Et la raison se cache dans les carnets de commandes. Car ceux-ci sont pleins à craquer: le groupe a décroché pour les années à venir des commandes d’un volume total de près de 18 milliards de francs. Un énorme succès qui n’est toutefois pas sans inconvénient. «On estime que pour 70% de ces contrats, les prix sont fixes», explique l’analyste.
Stadler Rail ne peut donc pas répercuter sur ses clients la hausse des prix de nombreux gros contrats. Comme ces commandes s’étendent souvent sur plusieurs années, une inflation élevée se fait particulièrement ressentir.
L’objectif sera-t-il à nouveau revu à la baisse?
A cela s’ajoutent les chaînes d’approvisionnement qui ne fonctionnent toujours pas sans heurts.
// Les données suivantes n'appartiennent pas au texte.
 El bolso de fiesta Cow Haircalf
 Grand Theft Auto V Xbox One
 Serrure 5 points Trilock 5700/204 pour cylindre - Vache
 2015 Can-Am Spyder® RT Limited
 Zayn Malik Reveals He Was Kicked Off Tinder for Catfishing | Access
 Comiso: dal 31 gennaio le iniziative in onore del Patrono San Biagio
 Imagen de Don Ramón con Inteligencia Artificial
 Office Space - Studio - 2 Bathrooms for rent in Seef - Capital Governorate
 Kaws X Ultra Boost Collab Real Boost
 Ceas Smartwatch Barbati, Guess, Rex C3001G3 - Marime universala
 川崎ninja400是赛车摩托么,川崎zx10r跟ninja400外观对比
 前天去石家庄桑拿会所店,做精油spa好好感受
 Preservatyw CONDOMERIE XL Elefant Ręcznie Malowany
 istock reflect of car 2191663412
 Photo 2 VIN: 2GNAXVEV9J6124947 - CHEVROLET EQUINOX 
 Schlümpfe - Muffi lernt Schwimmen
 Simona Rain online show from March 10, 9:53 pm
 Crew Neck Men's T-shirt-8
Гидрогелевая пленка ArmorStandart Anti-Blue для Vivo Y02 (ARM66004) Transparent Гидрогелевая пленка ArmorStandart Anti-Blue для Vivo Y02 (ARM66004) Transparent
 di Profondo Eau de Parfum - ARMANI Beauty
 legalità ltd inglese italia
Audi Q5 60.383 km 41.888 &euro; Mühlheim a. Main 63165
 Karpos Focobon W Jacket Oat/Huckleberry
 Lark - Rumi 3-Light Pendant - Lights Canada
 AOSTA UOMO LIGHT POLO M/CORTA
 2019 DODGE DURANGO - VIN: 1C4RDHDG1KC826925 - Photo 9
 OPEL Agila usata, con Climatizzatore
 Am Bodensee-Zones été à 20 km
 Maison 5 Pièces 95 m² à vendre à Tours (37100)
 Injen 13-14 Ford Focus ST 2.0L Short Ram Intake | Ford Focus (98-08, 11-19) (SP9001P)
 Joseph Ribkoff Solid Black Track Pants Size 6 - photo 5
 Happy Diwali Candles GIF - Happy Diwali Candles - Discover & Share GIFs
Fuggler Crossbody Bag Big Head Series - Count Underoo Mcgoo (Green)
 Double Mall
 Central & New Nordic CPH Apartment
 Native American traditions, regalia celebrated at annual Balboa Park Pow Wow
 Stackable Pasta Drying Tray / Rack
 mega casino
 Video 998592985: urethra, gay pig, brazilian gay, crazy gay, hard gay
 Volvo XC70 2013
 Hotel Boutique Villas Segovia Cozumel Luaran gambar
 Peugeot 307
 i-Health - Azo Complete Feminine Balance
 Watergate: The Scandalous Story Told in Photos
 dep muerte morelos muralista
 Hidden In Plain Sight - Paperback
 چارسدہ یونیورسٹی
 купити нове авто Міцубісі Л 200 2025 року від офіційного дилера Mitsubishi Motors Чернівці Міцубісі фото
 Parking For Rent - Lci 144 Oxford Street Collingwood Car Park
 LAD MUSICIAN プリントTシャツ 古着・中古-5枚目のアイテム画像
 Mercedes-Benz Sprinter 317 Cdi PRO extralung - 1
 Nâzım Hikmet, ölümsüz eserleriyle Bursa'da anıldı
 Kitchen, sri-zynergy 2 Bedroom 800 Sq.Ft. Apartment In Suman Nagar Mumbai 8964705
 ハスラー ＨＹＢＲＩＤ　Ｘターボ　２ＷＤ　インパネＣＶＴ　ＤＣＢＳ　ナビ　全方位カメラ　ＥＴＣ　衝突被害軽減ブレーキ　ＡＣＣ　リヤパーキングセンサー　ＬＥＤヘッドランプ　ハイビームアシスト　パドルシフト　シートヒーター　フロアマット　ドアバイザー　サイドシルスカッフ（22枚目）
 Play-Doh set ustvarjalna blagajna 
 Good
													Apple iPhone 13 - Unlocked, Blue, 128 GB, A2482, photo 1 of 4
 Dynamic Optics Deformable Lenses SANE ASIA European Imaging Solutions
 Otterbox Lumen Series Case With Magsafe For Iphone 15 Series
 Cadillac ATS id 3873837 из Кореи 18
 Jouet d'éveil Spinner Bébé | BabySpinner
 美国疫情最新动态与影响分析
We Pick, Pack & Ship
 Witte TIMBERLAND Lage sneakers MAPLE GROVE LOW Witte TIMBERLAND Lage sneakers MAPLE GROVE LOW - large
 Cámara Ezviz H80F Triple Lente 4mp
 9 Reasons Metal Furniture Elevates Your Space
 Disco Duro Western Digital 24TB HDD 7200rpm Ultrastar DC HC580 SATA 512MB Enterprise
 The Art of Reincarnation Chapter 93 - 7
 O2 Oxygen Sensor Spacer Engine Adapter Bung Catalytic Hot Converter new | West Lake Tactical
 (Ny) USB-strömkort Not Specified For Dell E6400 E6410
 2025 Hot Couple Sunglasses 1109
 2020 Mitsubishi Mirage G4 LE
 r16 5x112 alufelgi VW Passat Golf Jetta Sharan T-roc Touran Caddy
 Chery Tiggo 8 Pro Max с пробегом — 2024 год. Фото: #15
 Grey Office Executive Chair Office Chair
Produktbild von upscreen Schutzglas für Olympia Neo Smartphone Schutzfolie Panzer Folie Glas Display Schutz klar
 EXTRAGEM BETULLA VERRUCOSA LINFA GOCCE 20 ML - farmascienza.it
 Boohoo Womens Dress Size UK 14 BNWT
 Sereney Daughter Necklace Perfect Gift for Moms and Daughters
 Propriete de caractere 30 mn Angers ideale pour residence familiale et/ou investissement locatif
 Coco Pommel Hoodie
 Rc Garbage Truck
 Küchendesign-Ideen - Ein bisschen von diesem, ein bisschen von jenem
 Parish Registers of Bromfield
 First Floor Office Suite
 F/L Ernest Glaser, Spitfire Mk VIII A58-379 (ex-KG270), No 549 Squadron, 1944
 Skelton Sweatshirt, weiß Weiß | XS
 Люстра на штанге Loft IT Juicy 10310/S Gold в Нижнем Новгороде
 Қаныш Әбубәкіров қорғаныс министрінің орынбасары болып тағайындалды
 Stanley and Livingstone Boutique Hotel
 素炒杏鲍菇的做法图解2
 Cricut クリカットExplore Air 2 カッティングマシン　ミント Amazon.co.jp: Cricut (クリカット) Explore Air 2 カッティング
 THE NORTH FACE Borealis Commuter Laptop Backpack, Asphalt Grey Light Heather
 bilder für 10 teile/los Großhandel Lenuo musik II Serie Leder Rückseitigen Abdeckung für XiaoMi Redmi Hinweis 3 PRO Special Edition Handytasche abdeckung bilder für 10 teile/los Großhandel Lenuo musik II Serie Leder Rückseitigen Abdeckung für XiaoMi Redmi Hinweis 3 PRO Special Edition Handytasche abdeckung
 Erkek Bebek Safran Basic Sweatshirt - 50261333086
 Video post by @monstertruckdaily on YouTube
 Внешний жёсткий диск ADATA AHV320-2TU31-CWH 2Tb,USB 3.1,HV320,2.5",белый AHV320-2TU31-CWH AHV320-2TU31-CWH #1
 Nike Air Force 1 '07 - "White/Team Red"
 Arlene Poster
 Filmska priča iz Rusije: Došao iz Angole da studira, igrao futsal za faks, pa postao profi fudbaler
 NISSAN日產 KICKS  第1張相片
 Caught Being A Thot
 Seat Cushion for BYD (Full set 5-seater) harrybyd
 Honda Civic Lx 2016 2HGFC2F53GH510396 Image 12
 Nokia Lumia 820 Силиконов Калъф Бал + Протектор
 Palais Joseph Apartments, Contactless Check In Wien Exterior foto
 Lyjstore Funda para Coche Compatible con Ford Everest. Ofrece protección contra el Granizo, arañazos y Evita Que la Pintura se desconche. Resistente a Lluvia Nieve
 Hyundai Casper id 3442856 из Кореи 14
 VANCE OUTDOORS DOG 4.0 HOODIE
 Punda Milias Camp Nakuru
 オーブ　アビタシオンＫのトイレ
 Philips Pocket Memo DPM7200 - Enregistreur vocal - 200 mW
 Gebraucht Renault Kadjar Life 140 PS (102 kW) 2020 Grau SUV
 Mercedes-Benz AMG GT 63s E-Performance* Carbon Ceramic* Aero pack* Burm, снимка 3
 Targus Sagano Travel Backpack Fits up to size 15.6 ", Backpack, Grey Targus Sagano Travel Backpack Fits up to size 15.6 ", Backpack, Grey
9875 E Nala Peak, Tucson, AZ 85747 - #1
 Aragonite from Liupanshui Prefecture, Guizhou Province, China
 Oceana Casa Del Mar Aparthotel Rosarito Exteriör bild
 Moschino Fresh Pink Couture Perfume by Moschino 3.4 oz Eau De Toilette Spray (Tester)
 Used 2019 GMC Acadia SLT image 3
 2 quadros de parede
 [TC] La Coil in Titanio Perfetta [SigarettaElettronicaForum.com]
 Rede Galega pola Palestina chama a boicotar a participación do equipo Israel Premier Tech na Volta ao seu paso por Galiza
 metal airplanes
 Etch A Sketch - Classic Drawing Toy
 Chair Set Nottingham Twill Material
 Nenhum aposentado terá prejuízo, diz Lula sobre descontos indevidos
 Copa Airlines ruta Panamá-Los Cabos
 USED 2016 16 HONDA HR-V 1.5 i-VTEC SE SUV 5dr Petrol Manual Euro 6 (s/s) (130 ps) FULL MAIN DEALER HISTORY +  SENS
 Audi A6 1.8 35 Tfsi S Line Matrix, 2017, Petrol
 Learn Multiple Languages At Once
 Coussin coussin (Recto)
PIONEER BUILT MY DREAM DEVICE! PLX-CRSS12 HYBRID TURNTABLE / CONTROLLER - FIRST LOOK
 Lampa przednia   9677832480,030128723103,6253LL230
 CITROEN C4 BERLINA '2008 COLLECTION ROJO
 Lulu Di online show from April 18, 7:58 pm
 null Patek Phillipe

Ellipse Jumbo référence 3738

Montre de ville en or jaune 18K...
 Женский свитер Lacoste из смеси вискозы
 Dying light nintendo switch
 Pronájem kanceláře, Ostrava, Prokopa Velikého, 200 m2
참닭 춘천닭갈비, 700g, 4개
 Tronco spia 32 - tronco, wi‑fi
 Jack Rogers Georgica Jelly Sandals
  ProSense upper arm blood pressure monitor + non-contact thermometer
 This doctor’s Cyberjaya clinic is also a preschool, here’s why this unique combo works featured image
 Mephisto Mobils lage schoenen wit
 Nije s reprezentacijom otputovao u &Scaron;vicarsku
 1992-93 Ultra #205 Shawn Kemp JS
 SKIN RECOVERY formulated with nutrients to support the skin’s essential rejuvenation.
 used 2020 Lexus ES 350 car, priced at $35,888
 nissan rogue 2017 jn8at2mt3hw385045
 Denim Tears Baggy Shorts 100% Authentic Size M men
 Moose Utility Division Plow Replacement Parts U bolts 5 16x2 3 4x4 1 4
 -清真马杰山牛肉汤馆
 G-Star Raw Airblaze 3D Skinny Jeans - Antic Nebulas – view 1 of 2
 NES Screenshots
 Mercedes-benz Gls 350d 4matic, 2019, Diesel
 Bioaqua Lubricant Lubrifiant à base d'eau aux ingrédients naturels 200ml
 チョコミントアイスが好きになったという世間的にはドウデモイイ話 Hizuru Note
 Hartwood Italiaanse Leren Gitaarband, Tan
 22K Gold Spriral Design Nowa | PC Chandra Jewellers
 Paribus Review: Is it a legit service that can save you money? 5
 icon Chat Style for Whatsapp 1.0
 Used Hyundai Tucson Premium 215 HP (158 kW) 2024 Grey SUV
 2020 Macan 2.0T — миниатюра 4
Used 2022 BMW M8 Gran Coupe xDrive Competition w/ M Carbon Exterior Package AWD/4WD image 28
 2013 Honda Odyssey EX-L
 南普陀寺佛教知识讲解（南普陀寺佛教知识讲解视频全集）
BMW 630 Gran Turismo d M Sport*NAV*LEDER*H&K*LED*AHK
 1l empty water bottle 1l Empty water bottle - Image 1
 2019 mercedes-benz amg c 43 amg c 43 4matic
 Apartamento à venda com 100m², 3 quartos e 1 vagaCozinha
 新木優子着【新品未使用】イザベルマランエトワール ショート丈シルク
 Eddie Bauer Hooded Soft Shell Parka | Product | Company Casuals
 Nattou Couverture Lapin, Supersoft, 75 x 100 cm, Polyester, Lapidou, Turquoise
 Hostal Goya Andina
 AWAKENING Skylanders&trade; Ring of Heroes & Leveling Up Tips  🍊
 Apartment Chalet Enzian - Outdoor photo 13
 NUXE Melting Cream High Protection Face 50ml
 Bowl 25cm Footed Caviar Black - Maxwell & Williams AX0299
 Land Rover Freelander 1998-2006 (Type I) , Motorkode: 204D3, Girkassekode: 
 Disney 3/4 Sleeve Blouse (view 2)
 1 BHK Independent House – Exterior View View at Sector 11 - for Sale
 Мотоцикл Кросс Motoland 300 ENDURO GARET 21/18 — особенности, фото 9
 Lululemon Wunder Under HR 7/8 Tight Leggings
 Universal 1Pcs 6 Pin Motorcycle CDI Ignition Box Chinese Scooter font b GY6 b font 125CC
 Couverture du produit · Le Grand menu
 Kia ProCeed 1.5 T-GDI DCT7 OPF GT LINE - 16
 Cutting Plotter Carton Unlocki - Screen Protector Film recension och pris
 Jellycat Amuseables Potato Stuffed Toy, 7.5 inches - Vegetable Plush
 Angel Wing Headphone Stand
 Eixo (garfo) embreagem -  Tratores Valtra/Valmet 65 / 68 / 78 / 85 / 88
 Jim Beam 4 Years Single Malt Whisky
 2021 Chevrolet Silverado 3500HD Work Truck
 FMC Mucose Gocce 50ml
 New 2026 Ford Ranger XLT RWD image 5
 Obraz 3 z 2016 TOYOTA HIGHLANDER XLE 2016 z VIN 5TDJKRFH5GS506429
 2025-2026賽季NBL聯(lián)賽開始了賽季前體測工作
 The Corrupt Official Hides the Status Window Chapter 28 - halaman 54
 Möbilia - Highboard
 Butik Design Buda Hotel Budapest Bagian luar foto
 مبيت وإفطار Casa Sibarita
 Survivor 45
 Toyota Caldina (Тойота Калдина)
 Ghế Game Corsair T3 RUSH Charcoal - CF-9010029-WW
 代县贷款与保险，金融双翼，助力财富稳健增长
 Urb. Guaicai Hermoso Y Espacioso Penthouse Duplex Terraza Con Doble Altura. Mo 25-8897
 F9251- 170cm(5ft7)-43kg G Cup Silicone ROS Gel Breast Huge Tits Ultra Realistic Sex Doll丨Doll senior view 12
Et la situation est toujours difficile dans les usines. En raison de la réduction massive de la fabrication des produits dans l’entreprise de Fanipol en Biélorussie, une partie de la production a dû être transférée à l’étranger. Fin juillet, Credit Suisse a calculé dans une analyse que les marges souffriraient également cette année d’une «perte de productivité dans les usines».
Les conditions difficiles pour Stadler Rail devraient durer encore longtemps, estime Richard Frei, analyste à la Banque cantonale de Zurich. «En raison de l’inflation élevée dans la zone euro, le groupe doit par exemple s’attendre à des augmentations de salaires à l’étranger.»
Stadler Rail a déjà dû repousser en mars son objectif à moyen terme d’augmenter sa marge à 8 ou 9%. Plusieurs analystes estiment que Stadler Rail devra encore corriger cet objectif.
La concurrence aussi touchée
Ces dernières semaines, les deux établissements financiers américains JP Morgan et Bank of America avaient également prédit une année sombre pour le constructeur suisse de véhicules ferroviaires, mettant ainsi le cours de l’action encore plus sous pression.
Mais les problèmes touchent aussi durement les concurrents de Stadler: la Bank of America a également pronostiqué une année difficile pour le groupe français de construction ferroviaire Alstom.
Stadler Rail ne souhaite pas s’exprimer sur les difficultés actuelles auprès de Blick: «En raison de la publication des résultats semestriels le 31 août 2022, nous ne pouvons malheureusement pas répondre à votre demande actuellement», fait savoir le service de presse.
Des temps meilleurs en perspective
Lors de la conférence de presse en mars dernier, le chef du groupe Peter Spuhler a fait preuve d’un grand optimisme quant à l’année en cours, tout en soulignant les défis à venir. Depuis, les conditions économiques générales se sont encore détériorées pour Stadler Rail.
Un coup d’œil sur les prévisions à long terme devrait au moins rassurer les investisseurs: «Avec le changement climatique et le développement de l’infrastructure ferroviaire neutre en CO2 ainsi que les carnets de commandes, Stadler Rail devrait aussi connaître des temps meilleurs», déclare l’analyste de Raiffeisen.